• **Listed entries**
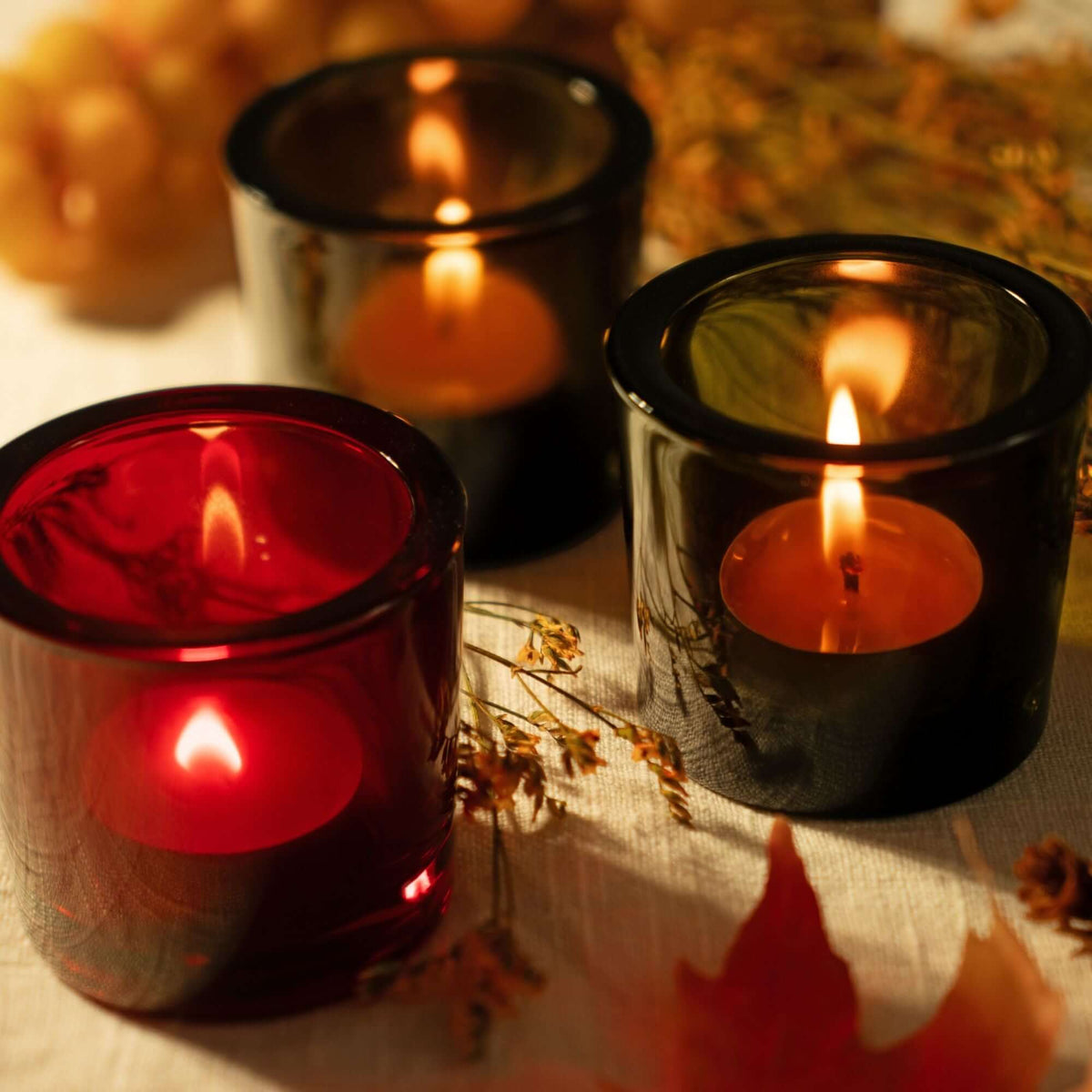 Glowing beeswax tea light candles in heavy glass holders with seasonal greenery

---

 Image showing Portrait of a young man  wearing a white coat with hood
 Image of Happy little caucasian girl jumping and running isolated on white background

• **Exercise brief**
Among the records, find all lines that include the string "white" and return them.

• **Expected answer**
 Image showing Portrait of a young man  wearing a white coat with hood
 Image of Happy little caucasian girl jumping and running isolated on white background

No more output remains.